St Vincent and the Grenadines has been a divided nation since the elections of 1998 when the leadership of the then losing Unity Labour Party declared that it would make the country ungovernable. The elections of 2001 and the style of governance thereafter manifested the extent to which the political divisions had tr
anslated into profound social and economic divisions. These divisions continue to deepen in Vincentian society.
Today’s St Vincent and the Grenadines has perhaps witnessed the highest level of frustration amongst the masses since the street demonstrations and general aggression displayed by our peoples in the 1938 disturbances under George McIntosh.
People are frustrated.
In the midst of growing political divisiveness they are witnessing what appears to be the dispensation of economic largesse to the supporters of the ruling regime in one form or another. Employment now seems to be dictated by one’s political coloration as never before in the nation’s history.
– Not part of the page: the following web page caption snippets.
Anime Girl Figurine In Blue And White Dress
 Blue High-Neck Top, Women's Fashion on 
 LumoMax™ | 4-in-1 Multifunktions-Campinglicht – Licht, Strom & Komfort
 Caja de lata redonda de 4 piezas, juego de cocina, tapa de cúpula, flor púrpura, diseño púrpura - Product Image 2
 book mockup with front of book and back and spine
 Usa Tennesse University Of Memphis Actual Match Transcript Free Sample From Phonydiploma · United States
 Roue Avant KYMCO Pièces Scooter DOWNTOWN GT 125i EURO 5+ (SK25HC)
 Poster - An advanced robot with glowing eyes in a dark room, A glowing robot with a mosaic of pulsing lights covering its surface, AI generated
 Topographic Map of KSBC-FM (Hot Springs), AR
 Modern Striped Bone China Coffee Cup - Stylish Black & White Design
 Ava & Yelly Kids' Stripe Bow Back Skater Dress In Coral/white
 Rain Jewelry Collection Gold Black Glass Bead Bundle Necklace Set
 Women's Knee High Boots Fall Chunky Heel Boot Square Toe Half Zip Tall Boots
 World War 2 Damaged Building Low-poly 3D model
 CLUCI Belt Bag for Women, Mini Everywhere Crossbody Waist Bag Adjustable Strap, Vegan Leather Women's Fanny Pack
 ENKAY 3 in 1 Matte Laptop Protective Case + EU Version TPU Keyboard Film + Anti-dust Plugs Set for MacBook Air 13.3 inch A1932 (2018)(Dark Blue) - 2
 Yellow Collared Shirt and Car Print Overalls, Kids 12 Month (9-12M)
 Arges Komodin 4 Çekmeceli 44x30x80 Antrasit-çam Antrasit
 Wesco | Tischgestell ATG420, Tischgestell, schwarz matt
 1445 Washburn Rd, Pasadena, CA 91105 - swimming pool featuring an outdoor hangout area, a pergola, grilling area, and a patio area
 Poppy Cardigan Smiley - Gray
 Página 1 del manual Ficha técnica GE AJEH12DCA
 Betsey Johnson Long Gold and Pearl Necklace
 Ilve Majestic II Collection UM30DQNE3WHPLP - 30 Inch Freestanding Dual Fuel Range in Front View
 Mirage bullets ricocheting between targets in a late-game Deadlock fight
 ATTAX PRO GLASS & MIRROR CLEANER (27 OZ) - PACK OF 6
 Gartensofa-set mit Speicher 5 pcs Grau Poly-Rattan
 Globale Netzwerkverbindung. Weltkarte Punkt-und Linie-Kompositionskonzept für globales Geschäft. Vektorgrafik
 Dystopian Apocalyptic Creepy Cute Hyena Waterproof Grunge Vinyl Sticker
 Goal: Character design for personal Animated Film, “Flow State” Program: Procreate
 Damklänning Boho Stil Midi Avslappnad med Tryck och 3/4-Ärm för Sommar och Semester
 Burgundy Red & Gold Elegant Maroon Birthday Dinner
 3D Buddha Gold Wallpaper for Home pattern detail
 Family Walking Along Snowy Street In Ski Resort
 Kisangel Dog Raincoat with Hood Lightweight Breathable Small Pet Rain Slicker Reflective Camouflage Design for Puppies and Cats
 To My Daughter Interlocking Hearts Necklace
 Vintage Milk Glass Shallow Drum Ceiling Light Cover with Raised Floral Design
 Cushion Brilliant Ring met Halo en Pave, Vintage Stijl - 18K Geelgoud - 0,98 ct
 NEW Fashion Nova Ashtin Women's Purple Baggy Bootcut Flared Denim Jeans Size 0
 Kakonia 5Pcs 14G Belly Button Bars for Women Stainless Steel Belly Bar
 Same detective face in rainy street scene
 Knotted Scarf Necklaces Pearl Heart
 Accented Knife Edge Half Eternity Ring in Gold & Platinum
Fuel prices continue to soar impacting upwards the cost of electricity threatening a return to candles as the primary source of light in the home. Food prices are at an all-time high with no end in sight.
The country appears to be running on auto-pilot. There is no one in charge.
It is the combination of all of the foregoing that may well have facilitated the reaction of those in attendance at the cricket for whom the throwing of missiles was an opportunity to simply let the frustration out of their system.
It is very unfortunate that once more the Australians were on the receiving end of a manifestation of the Caribbean masses for reasons beyond their control.
It is unfortunate, too, that the image of St Vincent and the Grenadines in the international arena has once more been tarnished by developments at home.
We are at a stage where we need to evaluate ourselves. We must make sense of what is happening around us.
The action at Arnos Vale could never be justified and we must forever regret that we had come to that stage.
We must move on and do better.
Now more than ever we need to be united, committing ourselves unflinchingly to excellence and the positive values attendant to sport.
Above all, let us recommit ourselves to playing fair at all times.